Dal grande ingresso a volta di Via Monte Giordano si può intravvedere la bellissima fontana (nella foto 1) costruita da Antonio Casoni nel 1618 e situata all’imbocco della cordonata che porta ai cortili del palazzo. La fontana è costituita da quattro vasche successive e concentriche, di cui le due superiori, con bordo mistilineo, sono sostenute da un alto piede. Queste due vasche sono raccordate a quella sottostante tramite volute floreali disposte simmetricamente e frontali rispetto all’ingresso del palazzo. Dallo zampillo posto al centro della vasca più alta l’acqua, per tracimazione, scende nelle vasche sottostanti. La fontana è completata da un’esedra di alloro.

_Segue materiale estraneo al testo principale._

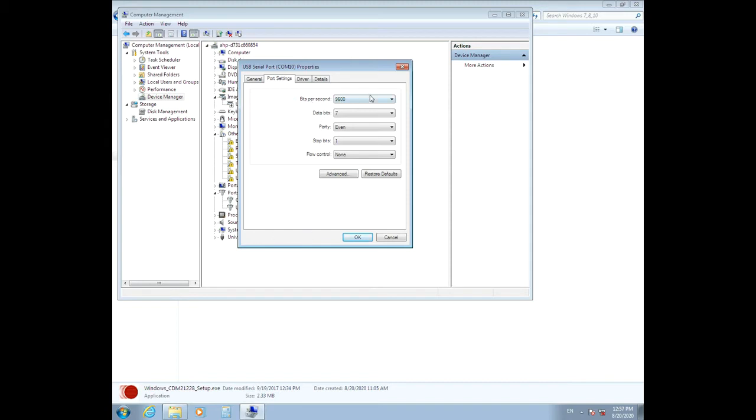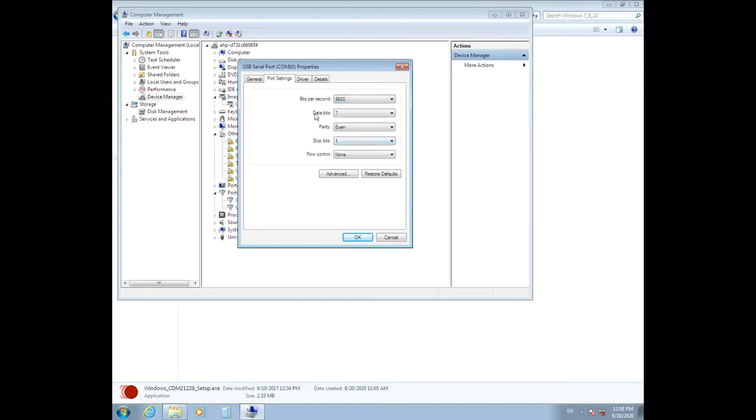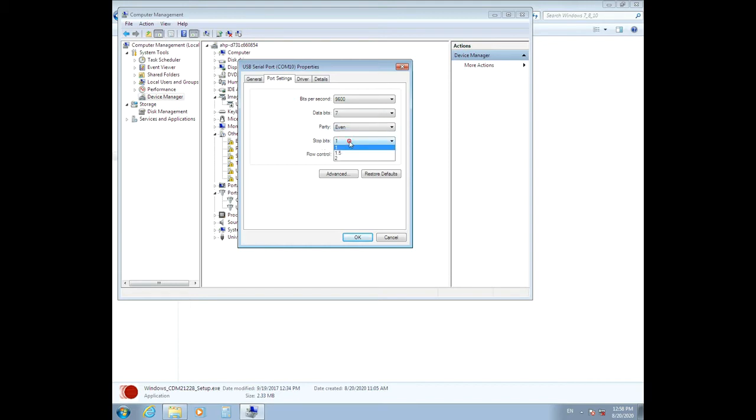Bits per second: 9600, Data bits: 7, Parity: Even, Stop bits: 1, and Flow control: None.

La fontana fu modificata nel Settecento dai Gabrielli, perché in precedenza due orsi, simboli araldici degli Orsini, erano posti in cima a due muri posti ai lati della fontana (ben visibili nell’incisione secentesca 2 di G.B.Falda) e dalla bocca dei quali partiva uno zampillo poderoso che faceva giungere l’acqua all’interno della seconda vasca.
Gli orsi (uno dei quali nella foto 3) vi sono ancora, ma non sono più in asse con la fontana, bensì alle sue spalle.
Al civico 2 della via si trova il Palazzetto Avila (nella foto 4), costruito nella seconda metà del Seicento per questa famiglia di commercianti spagnoli presenti a Roma sin dal Cinquecento, che si estinsero alla fine del Seicento negli Altoviti. L’edificio apre al pianterreno con un portale barocco decorato con i simboli araldici degli Avila, un’aquila che tiene tra gli artigli della zampa sinistra un ramo di palma; lo affiancano, ai lati, due porte di rimessa e quattro finestre centinate. La lunga facciata è costituita da due piani di sette finestre ciascuno, scanditi da due fasce marcapiano: al primo piano le finestre sono architravate, ma quella centrale, al di sopra del portale, presenta un timpano curvilineo; al secondo piano le finestre sono a cornice semplice. A chiusura, un ricco cornicione a guscio nel quale si alternano aquile araldiche, rose e gigli. Nel palazzetto nacque nel 1830 il poeta drammatico Pietro Cossa.